The facts of the case are as follows. Upon being found guilty of committing contempt of Court, the petitioners who are husband and wife respectively, were sentenced to simple imprisonment for three months along with a fine of Rs.2000/ each, by a learned Judge of the Delhi High Court. The said Order having been confirmed by the Division Bench of the High Court in an appeal under Section 19 of the Contempt of Courts Act, 1971 (Act’ for ort), the petitioners have come up with the above Special Leave Petition. On 29th April, 2015, the petitioners gave a letter along with four cheques for Rs. 50 lakhs each dated 06th May, 2015 purportedly in compliance of the order dated 08th April, 2015. Accordingly, the possession proceedings for one property scheduled for 30th April, 2015 were deferred by the Bank. But on 08th May, 2015, all the four cheques bounced. Therefore, the respondent-Bank filed a petition under Sections 10 and 12 of the Contempt of Courts Act. 1971 for punishing the petitioners for wilful and deliberate breach of their undertaking dated 08.04.2015. Though the petitioners resisted the contempt petition on the ground that breach of an undertaking, made with a view to secure a conditional order of stay may not tantamount to contempt, especially when the consequences of breach of such undertaking are spelt out in the order of the Court itself. the learned Judge was not convinced. Therefore, by an Order dated 18.07.2017, the learned Judge of the High Court held the petitioners guilty of contempt and sentenced them simple imprisonment for three months with a fine of Rs.2000 each.

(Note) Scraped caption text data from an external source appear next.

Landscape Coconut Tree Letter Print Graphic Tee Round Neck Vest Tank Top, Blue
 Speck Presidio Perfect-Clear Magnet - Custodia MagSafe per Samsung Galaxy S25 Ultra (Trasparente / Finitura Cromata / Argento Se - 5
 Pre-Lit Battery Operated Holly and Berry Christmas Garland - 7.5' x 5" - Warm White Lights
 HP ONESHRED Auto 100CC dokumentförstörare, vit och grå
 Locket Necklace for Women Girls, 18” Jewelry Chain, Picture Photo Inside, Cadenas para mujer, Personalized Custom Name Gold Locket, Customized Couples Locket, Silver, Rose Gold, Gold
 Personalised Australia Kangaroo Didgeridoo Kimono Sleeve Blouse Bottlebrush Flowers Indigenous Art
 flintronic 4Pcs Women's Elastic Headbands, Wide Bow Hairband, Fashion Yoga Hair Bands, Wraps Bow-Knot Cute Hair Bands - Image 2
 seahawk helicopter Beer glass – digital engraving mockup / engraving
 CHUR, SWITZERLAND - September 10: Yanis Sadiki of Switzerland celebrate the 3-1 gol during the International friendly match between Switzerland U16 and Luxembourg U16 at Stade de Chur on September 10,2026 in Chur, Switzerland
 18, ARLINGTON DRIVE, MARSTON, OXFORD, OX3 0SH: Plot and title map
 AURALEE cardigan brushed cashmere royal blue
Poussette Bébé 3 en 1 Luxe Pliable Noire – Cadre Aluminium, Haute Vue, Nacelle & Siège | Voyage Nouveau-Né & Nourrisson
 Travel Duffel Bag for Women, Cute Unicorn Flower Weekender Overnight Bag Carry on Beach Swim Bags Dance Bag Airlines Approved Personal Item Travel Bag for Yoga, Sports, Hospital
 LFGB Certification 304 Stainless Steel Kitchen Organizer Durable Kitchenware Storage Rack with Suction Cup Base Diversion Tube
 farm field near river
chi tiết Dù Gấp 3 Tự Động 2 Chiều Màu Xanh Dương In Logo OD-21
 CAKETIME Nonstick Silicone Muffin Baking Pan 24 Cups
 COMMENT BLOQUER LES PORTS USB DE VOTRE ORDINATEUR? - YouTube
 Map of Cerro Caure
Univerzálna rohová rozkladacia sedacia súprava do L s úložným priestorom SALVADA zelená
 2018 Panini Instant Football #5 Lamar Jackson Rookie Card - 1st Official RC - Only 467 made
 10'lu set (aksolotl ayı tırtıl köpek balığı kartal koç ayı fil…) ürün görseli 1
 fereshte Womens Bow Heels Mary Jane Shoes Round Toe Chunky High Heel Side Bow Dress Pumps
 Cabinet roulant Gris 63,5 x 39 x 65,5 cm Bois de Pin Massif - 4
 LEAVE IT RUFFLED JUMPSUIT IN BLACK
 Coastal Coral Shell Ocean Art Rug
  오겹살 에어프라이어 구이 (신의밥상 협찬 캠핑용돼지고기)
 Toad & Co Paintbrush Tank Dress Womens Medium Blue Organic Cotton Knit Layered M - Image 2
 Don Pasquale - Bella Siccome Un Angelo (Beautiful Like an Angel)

The court perused the facts and arguments presented. It relied on several judgments including Babu Ram Gupta v. Sudhir Bhasin (2980) 3 SCC 47 and Rama Narang v. Ramesh Narang & Anr (2006) 11 SCC 114. It was hence of the opinion that “In this case, the series of acts committed by the petitioners (i) in issuing post-dated cheques. which were dated beyond the date within which they had agreed to make payment: (ii) in allowing those cheques to be dishonoured: (iii) in not appearing before the Court on the first date of hearing with an excuse that was found to be false; (iv) in coming up with an explanation about their own debtors committing default: and (v) in getting exposed through the report of the SFIO. convinced the High Court to believe that the undertaking given by the petitioners on 08.04.2015 was not based upon good faith but intended to hoodwink the Court. Therefore, we are unable to find fault with the High Court holding the petitioners guilty of contempt.”